Susan Ettenheim started her professional life as a visual artist and is a recipient of a National Endowment for the Arts award in Painting. She worked in libraries and bookstores and created commissioned embroidery pieces for many years before working as director of community for Oxygen Media. She is currently an arts and computer science teacher at an NYC public high school. Susan learned about Turtlestitch and met Andrea Mayr, the founder, in 2013 at the Scratch Conference in Amsterdam. She fell in love with this new, open-source application that would combine lifelong interests in embroidery and coding.

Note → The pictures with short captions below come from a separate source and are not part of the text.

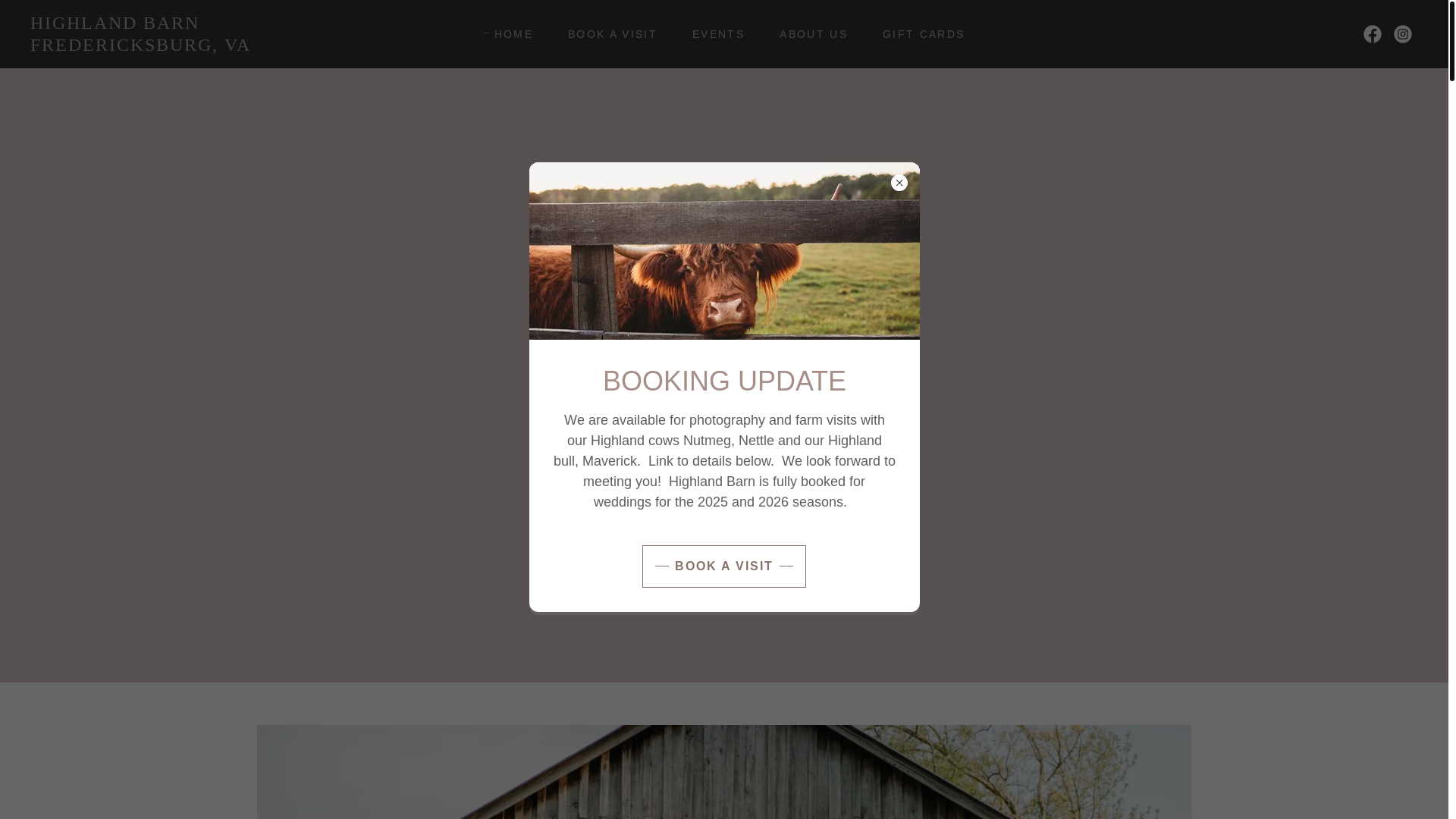 website screenshot of https://highlandbarnvirginia.com/
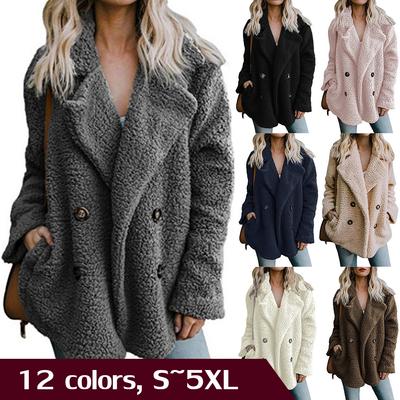 Female Warm Faux Fur Coat Women Autumn Winter Teddy Coat Casual Oversized Soft Fluffy Fleece Jackets Overcoat
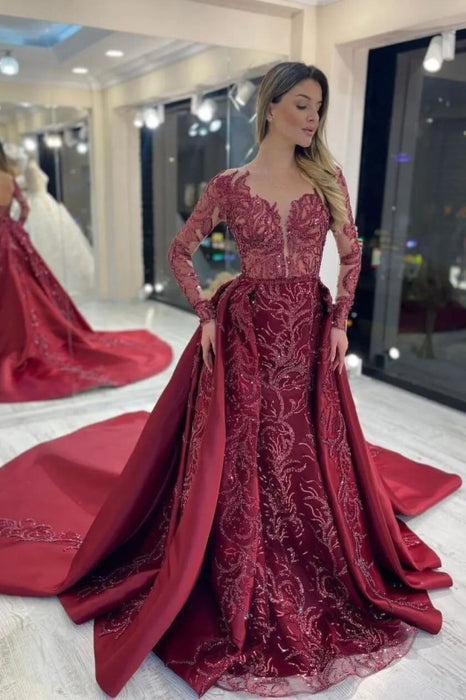 Elegant Rose Long Sleeve Mermaid Evening Dress with Appliqued Sequins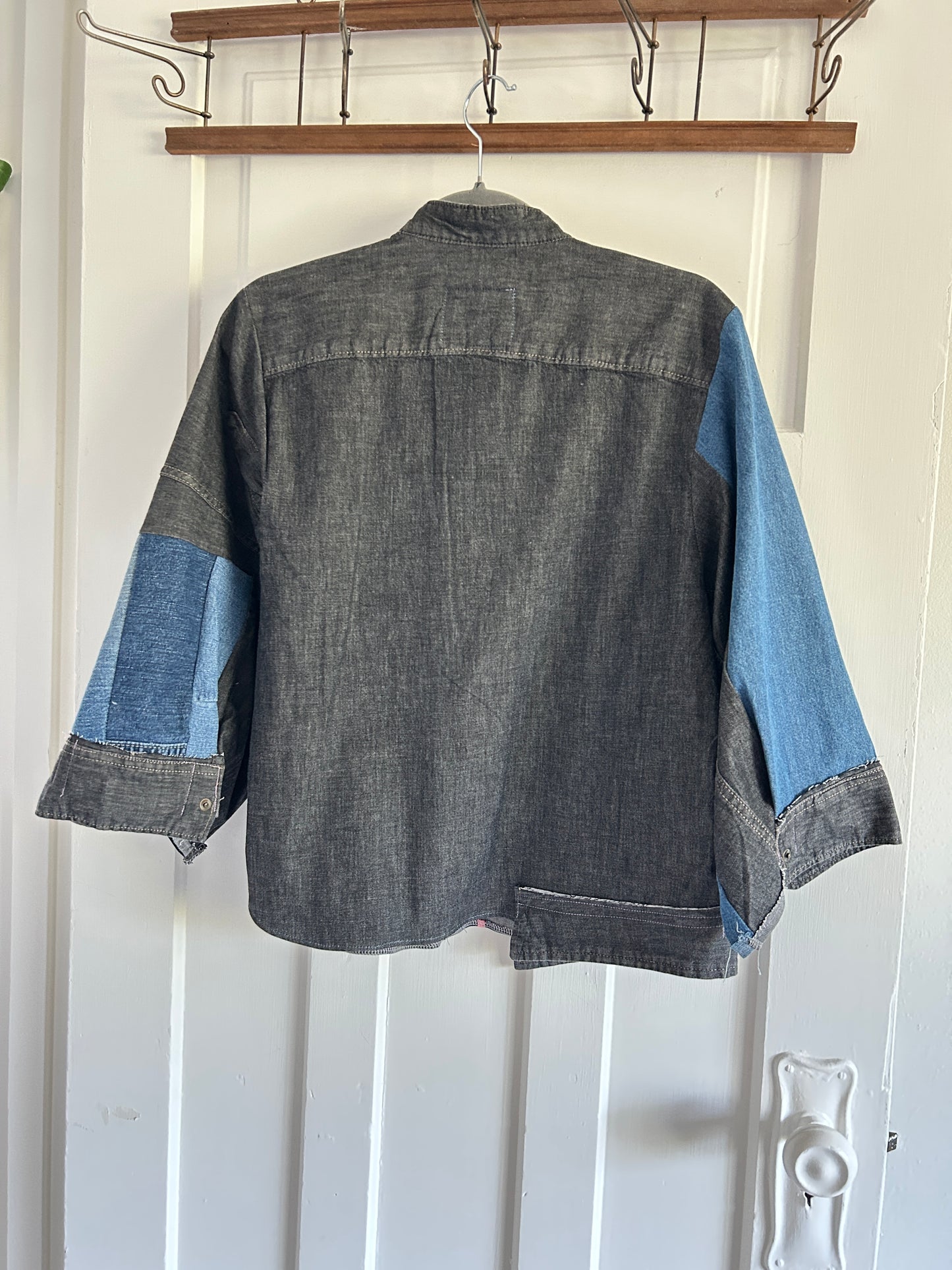 Ellis Reclaimed Patchwork Wrangler Denim Shirt with Handstitching & Hand Dyed Twill Ribbon M/L #ELL9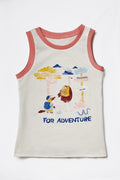 3 - Pieces Infant Sleeveless tank top beige print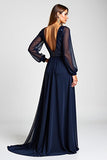 A Line Navy Sequined Chiffon Mother of the Bride Dress with Long Sleeves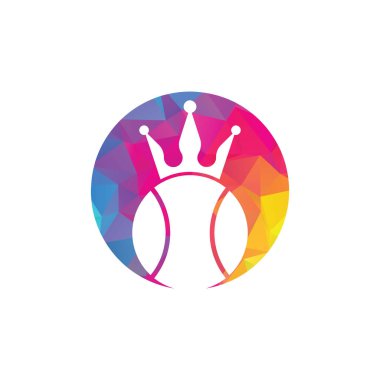 Tenis kralı vektör logosu tasarımı. Tenis topu ve taç simgesi tasarım şablonu.
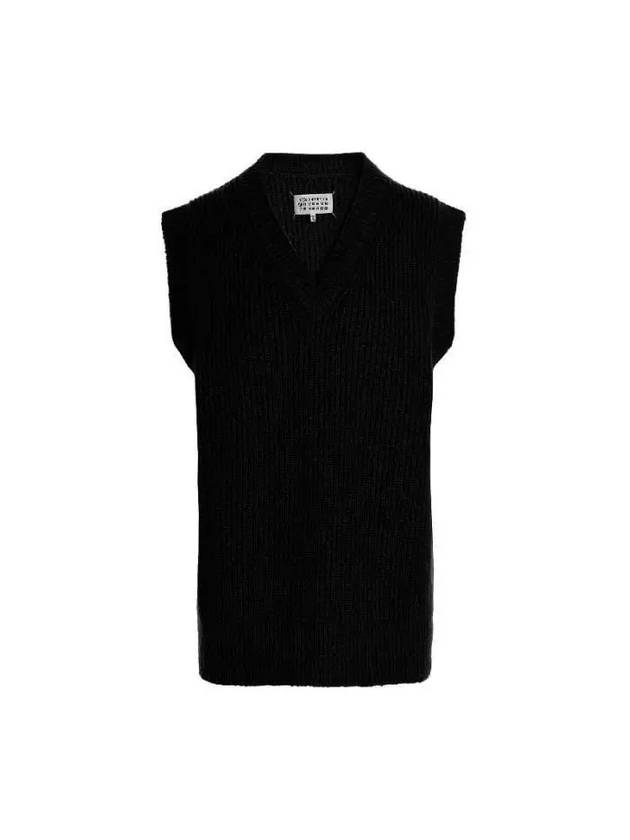 V-neck Knit Wool Vest Navy - MAISON MARGIELA - BALAAN 2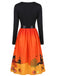 Robe évasée Halloween à citrouilles, chauves-souris et nœud à l’encolure années 1950 - 9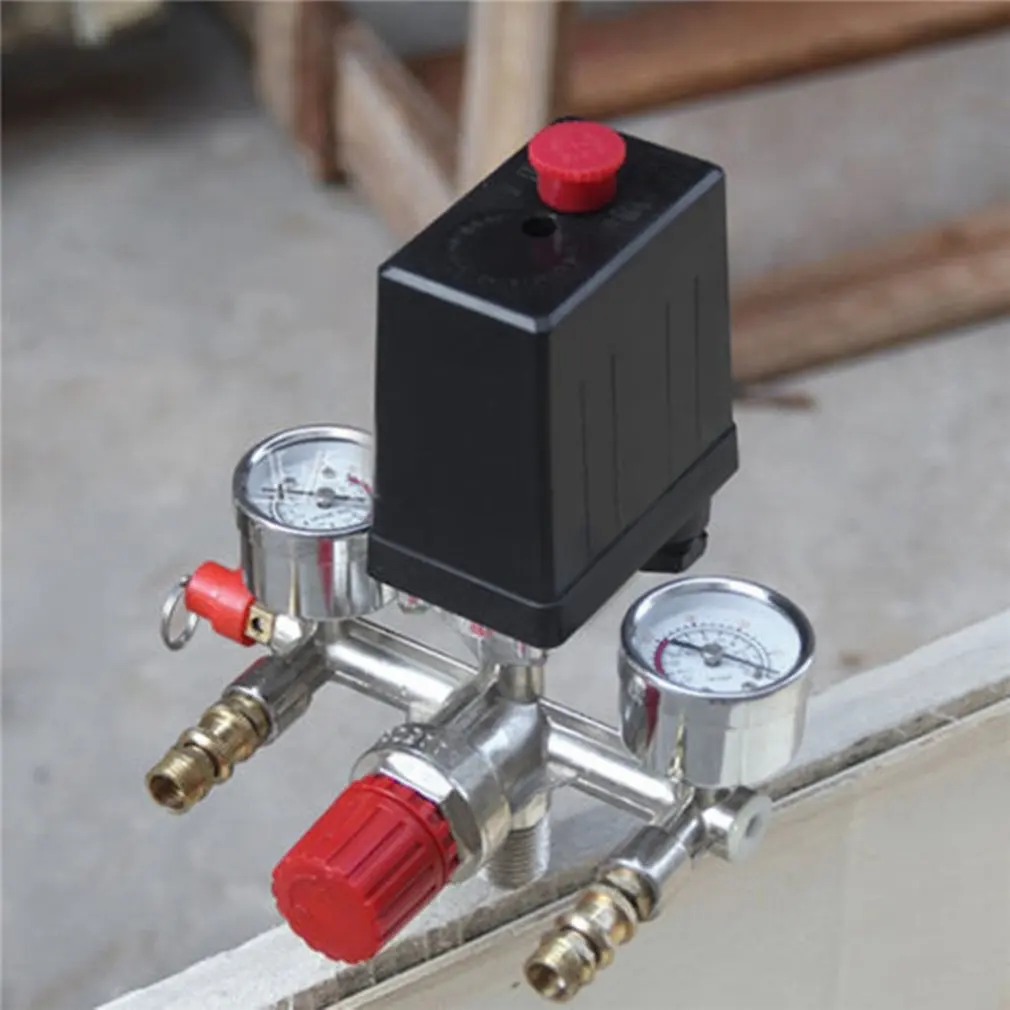 40343 Adjustable Pressure Switch Air Compressor Switch Pressure Regulating with 2 Press Gauges Valve Control Set
40343 Adjustable Pressure Switch Air Compressor Switch Pressure Regulating with 2 Press Gauges Valve Control Set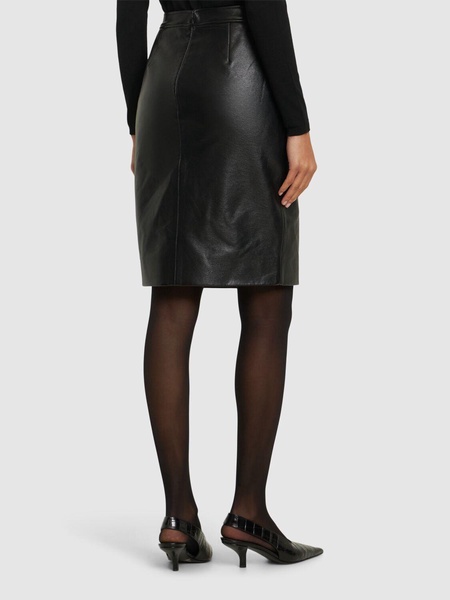 Tyra leather blend pencil midi skirt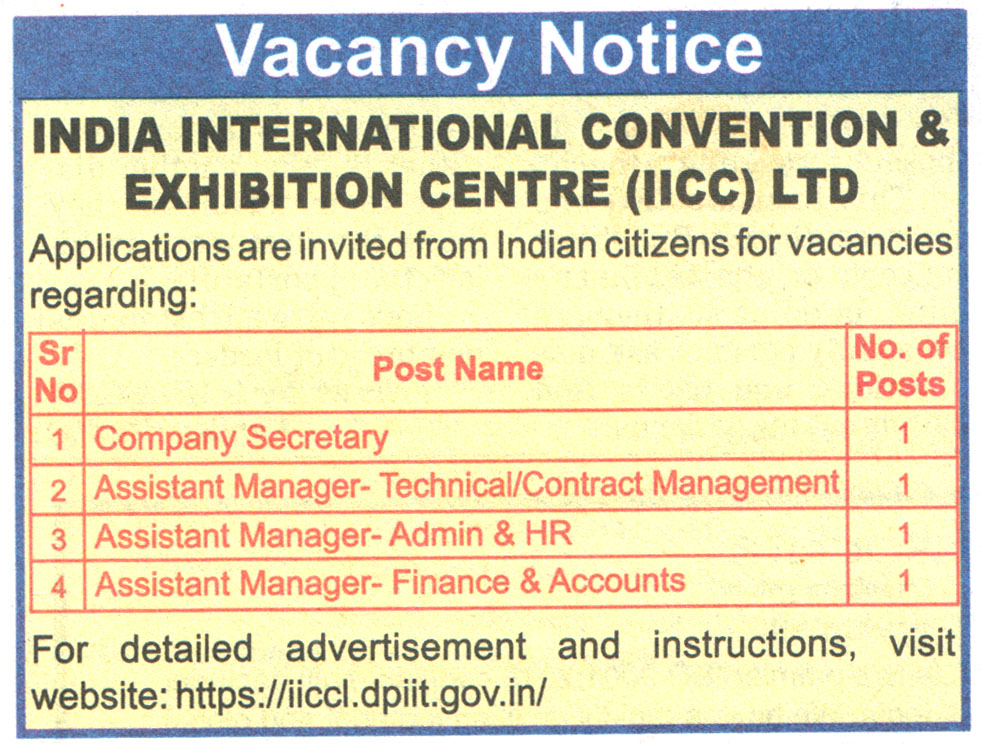 India International Convention & Exhibition Centre (IICC) Recruitment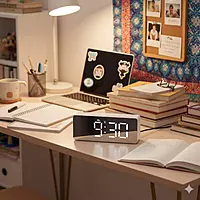 Zigdeal Digital Clock – Clear LED Display  Alarm Function  Desk & Bedside Use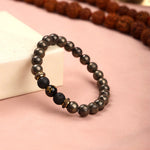 Om Raw Pyrite with Lava Bracelet Spiritual Healing Wear
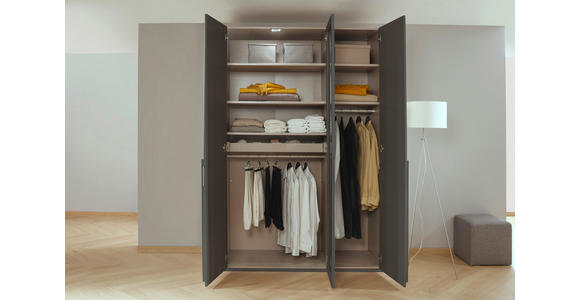 DREHTÜRENSCHRANK 151/223/60 cm 3-türig Graphitfarben - Graphitfarben, Trend, Glas/Holzwerkstoff (151/223/60cm) - Novel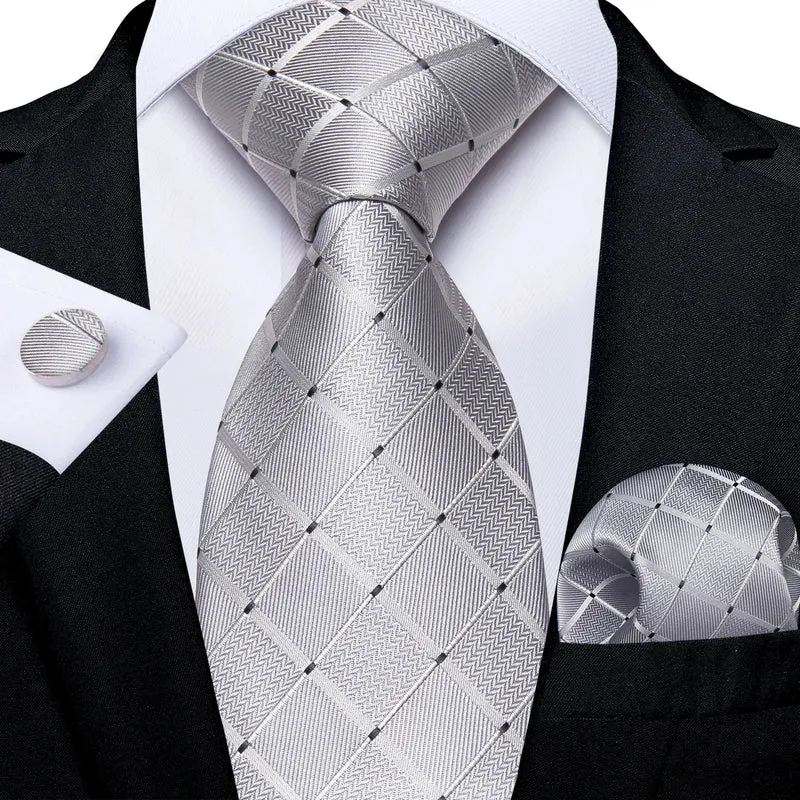 Fashion Seide Krawatte Grau Silber Herren Hochzeit Konfirmation Männer Business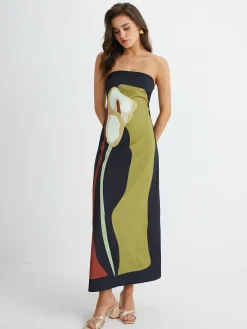 Large Floral Print Split Tube Long Dress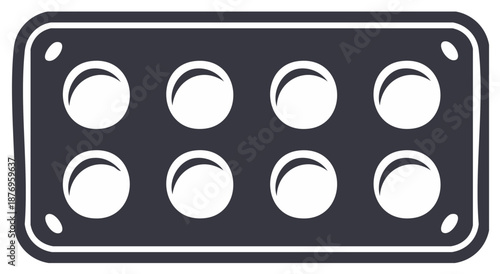 Pharmaceutical Packaging with Eight Pills Medicine in Dark Gray Frame with Rounded Corners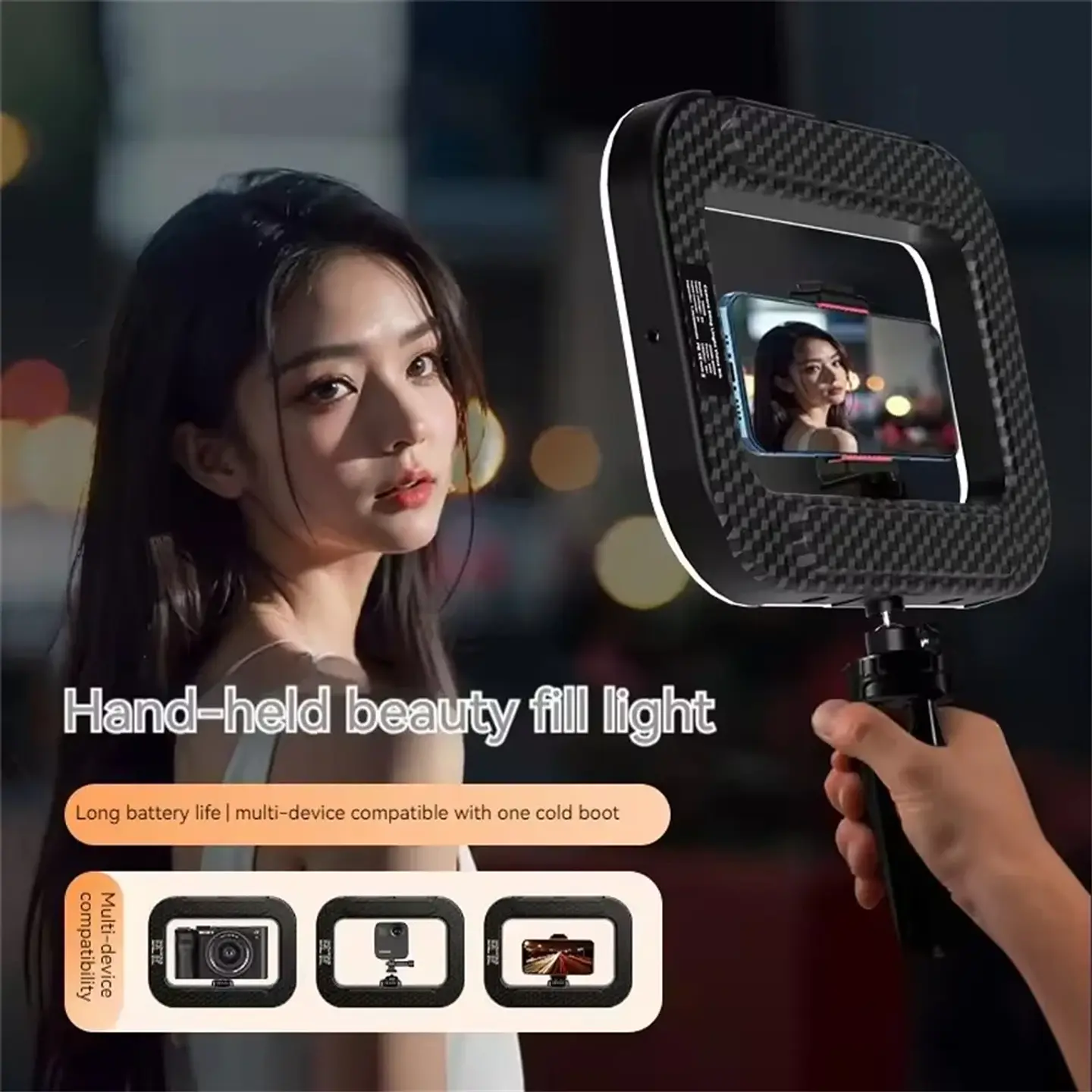 Aro de luz LED portátil recargable para celular, transmisiones en vivo, fotografía y selfies 6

Tanya Dixon works with RiverSound Solutions.

Andrea Mayr-Stalder initiated Turtlestitch.org, a platform to combine computing and embroidery. Since the late 1990s, Andrea has worked on numerous artistic and educational Internet projects. She is an artist and media developer with more than 10 years of experience developing open source software for children and adults. Currently, she is Codeweek.eu Ambassador for Austria. She has worked with textiles since her teenage years and now combines her two passions through TurtleStitch. She studied media art in Vienna and has worked as a system administrator and programmer at ISPs in Vienna and New York.

Ursula Wolz, Ph.D., studies educational informatics, She combines academics and entrepreneurship to develop computer-based learning environments that include non-traditional media for teaching coding. She founded RiverSound Solutions with a mission to empower computer users to become creators with, rather than consumers of, computing. In both formal and informal classrooms, she teaches inner-city and rural students at risk, affluent suburbanites, elite undergraduates, first to college, international students, and their teachers. Her passion is interactive storytelling and games for learning, and her recent work includes “code crafting,” exploring how a range of computer science concepts, from function parameters to path finding can be taught through hand and machine textile production.